Gary Z McGee, Staff Writer
Waking Times

If we heed these wise words by Lao Tzu, then it stands to reason that we focus more on developing highly evolved people capable of honoring universal laws, rather than waste our energy bludgeoning people with invalid laws that violate the golden rule, the nonaggression principle, and the universal laws that dictate health.

But what constitutes a highly evolved person? What might a highly evolved person’s character look like? How do we define such a broad concept? In Five Counterintuitive Traits of Highly Evolved Humans, I broke down the emotional disposition of highly evolved people. In this article we’ll break down the political disposition of highly evolved people.

Choose a courage-based lifestyle over a fear-based lifestyle:

Does your government have a taste for blood and a thirst for power? A highly evolved person, with their own conscience as pure law, would choose smart rebuking over fearful obsequiousness.

Don’t allow such a government to have its way. Question its authority. Practice strategic civil disobedience. Count coup on overreaching power constructs. Challenge outdated, immoral, and unjust laws. Be the personification of checks and balances. Dare to be a courageous David facing down the Goliath of the state.

We don’t need more people who blindly obey in deadly fear. That’s already the vast majority of people. We need more people who are highly evolved enough to smartly rebuke any and all governments that use violence to “solve” problems.

Choosing a courage-based lifestyle over a fear-based lifestyle is choosing to no longer be a victim. It’s choosing, instead, to become a hero. It’s choosing courage over fear, self-sacrifice over comfort and security, adventure over banality, fierceness over obsequiousness, and ruthless skepticism over blind faith.

Understand that the vast majority of people are still willing to live fear-based lifestyles. Sympathize with them for having not woken up yet, but do not pity them. It’s not their fault they were brainwashed, conditioned and indoctrinated into living fear-based lifestyles, but it is their responsibility to educate themselves and to break themselves of their conditioning.

You can lead people to knowledge, but you can’t make them think.
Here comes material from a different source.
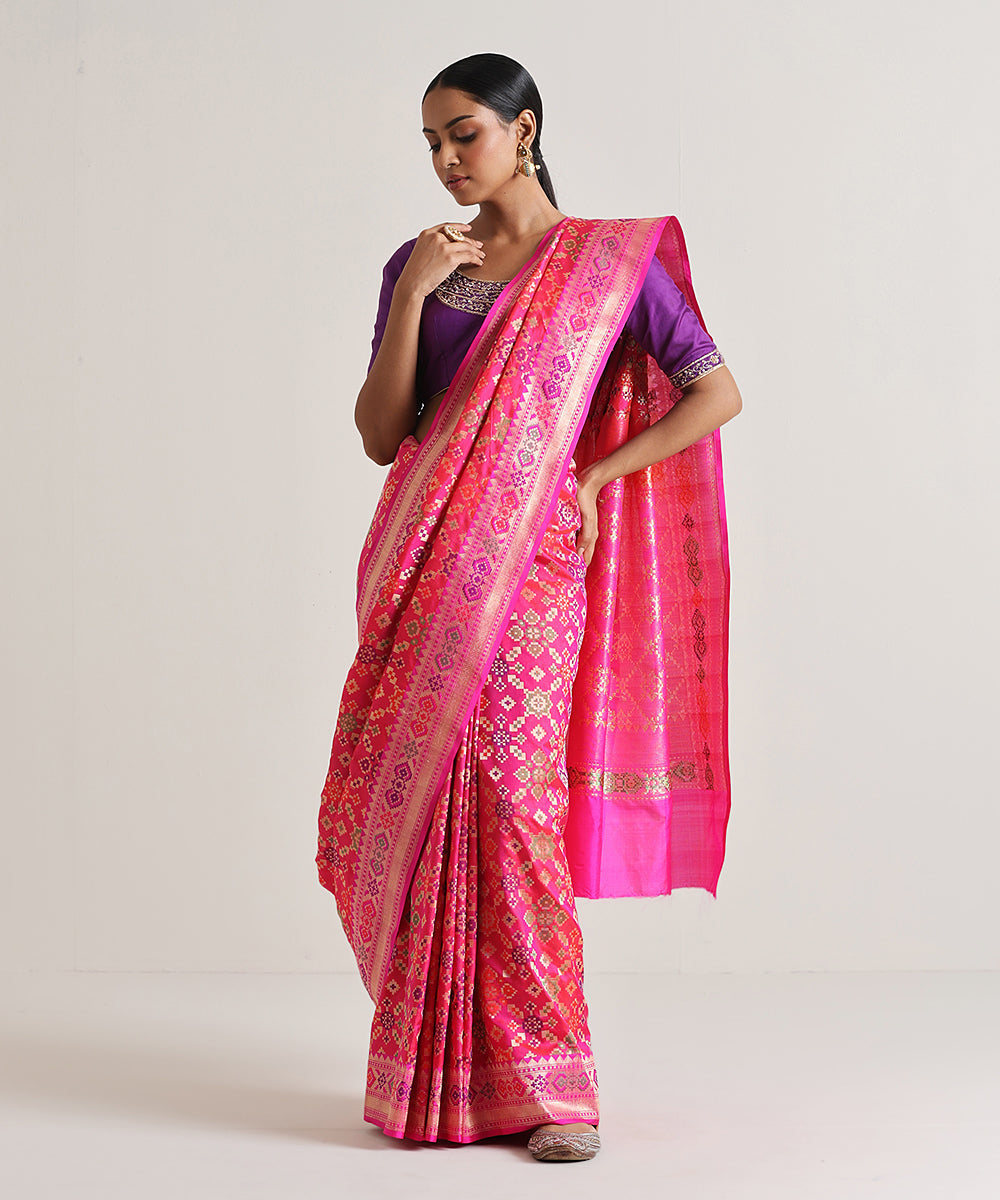 Pink_Handloom_Meenakari_Banarasi_Patola_Saree_With_Pink_Border_WeaverStory_02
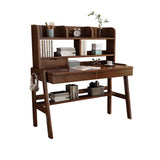Ave Solid Wood Study Desk with Shelf and Drawers/Bookcase/Rubberwood/Walnut V1057-DM6283-120CM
You can, however, remain ruthless with your courage-based lifestyle. Become a beacon of courageous hope. Especially for those who are still living fear-based lifestyles. Call it tough love. As Derrick Jensen said, “Love does not imply pacifism.”

Choose heart-centeredness over political divisiveness:

Bipartisan politics is old hat. It’s high time you toss that hat in the fire. Highly evolved people have already done so. They have gone Meta with politics. They’ve gone beyond the outdated, codependent divisiveness of bipartisanism and graduated into an updated, interdependent metamorality.

Metamorality, coined by Joshua Greene, is based on a common ground that all humans can agree upon while proposing a utilitarian deep pragmatism that empathically broadens the mind and compassionately opens the heart to the plight of us all as interdependent beings on an interconnected planet. Highly evolved humans use this strategy, along with the Astronaut Overview Effect, to go big-pictur

Going big-picture helps us change our minds. Or, at least be more flexible and open in our thinking. It puts things into proper perspective. It helps us feel more empathic and less psychopathic toward each other. We’re better able to see the world as one, without borders.

We’re better able to narrow our highfalutin politics down to a single concept we can all agree on: freedom. We’re better able to see through all the red herring cognitive biases of the climate debate and realize that our problem is a single problem we can all agree on: pollution. We’re better able to cut straight through the divisiveness of religion and narrow it down to a single concept that we can all agree on: love. Especially love for our children, and creating a healthy environment for them to grow up in. And suddenly there are not so many differences between us.

Choosing heart-centeredness over political divisiveness puts a compassionate spin on our conscience. Indeed, it puts the “conscience” in having our own conscience as pure law. For pure law is universal law, based upon the healthy interconnectedness of all things.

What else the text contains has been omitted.